Data section »
^^^^

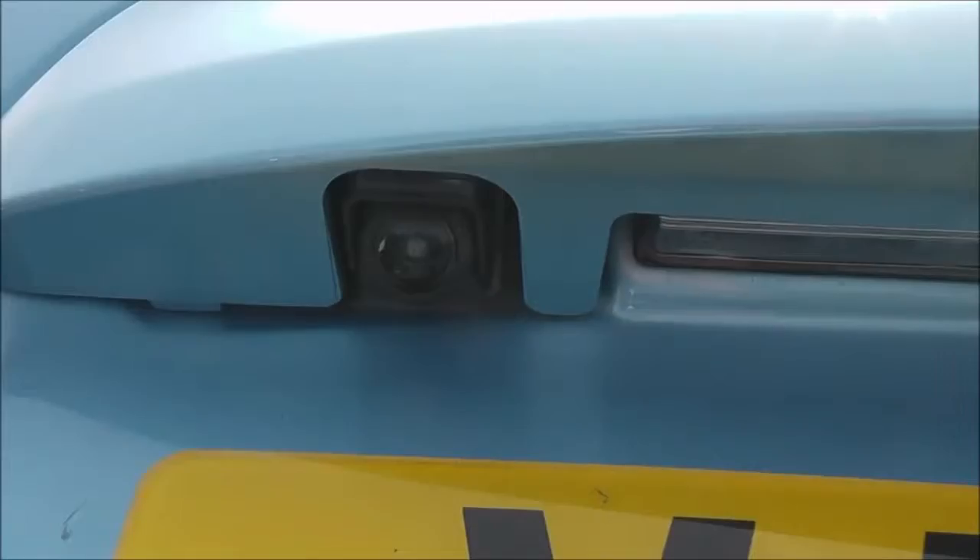On the tailgate itself, just to the left here, there's a color rear view camera and I'll show you the display to that very shortly. Taking a look into the rear cabin, you can see there's plenty of room in here.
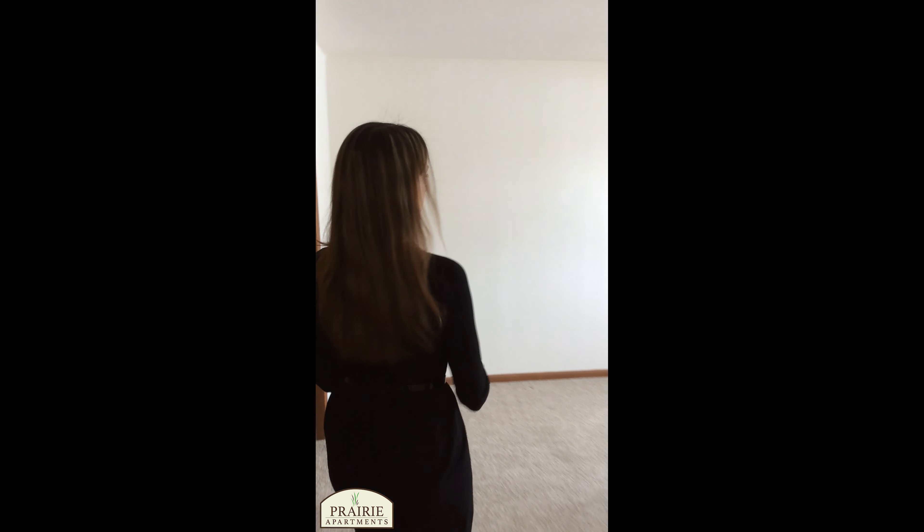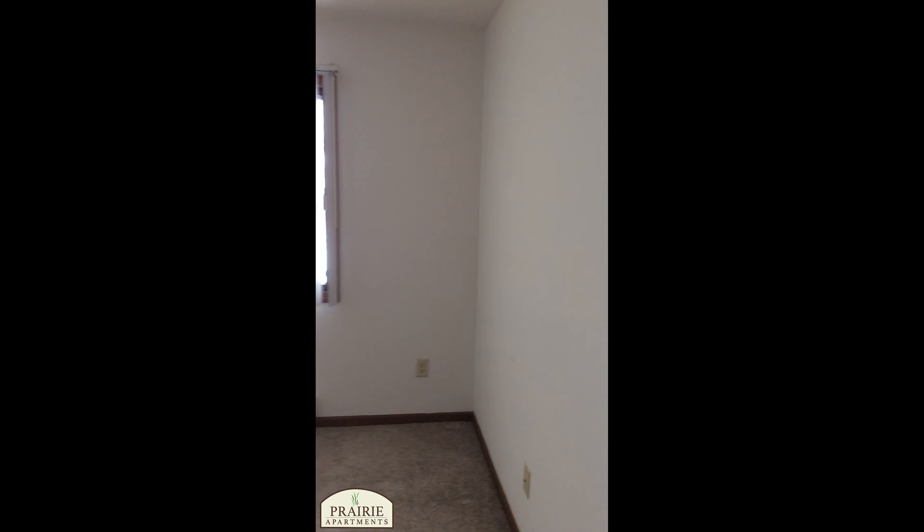So come on this way — we're going to head down to the master bedroom. On our way, I wanted to point out there's a cute little coat closet right in the hallway. And then we're going to head this way to the master bedroom.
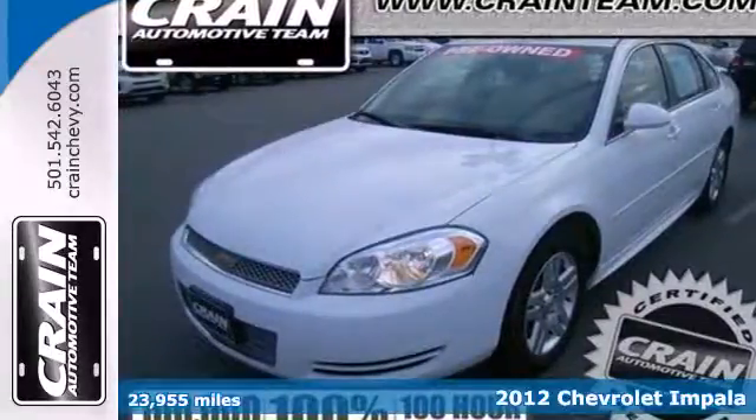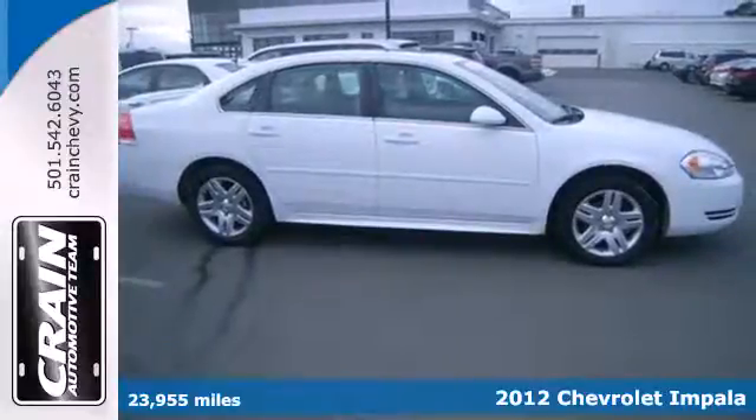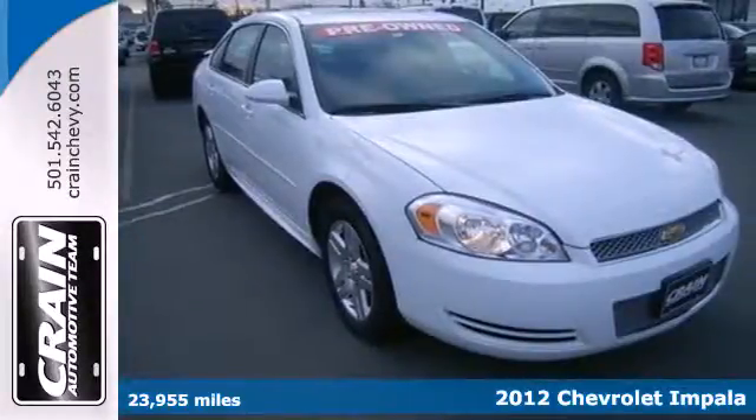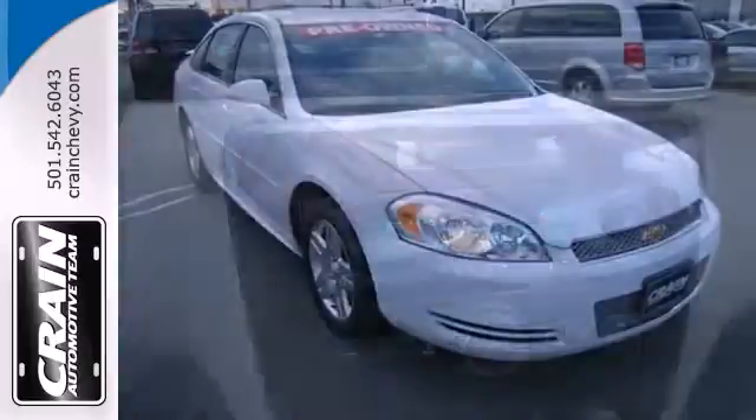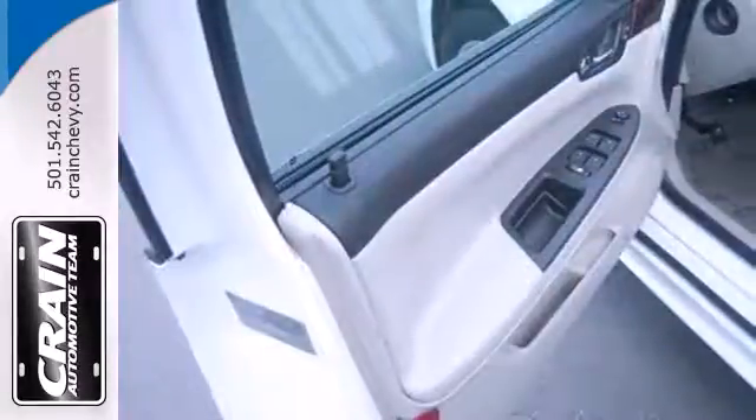Here's the 2012 Chevrolet Impala. This sedan is a combination of sport, luxury, and advanced technology. It comes with cruise control, power windows for convenience, and alloy wheels. Add to that safety with its anti-lock brakes and low tire pressure warning.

^^^^

Task goal »
Retype the full listing above precisely. Exclude each picture you find in it.

Solution below »
On the tailgate itself, just to the left here, there's a color rear view camera and I'll show you the display to that very shortly. Taking a look into the rear cabin, you can see there's plenty of room in here.
So come on this way — we're going to head down to the master bedroom. On our way, I wanted to point out there's a cute little coat closet right in the hallway. And then we're going to head this way to the master bedroom.
Here's the 2012 Chevrolet Impala. This sedan is a combination of sport, luxury, and advanced technology. It comes with cruise control, power windows for convenience, and alloy wheels. Add to that safety with its anti-lock brakes and low tire pressure warning.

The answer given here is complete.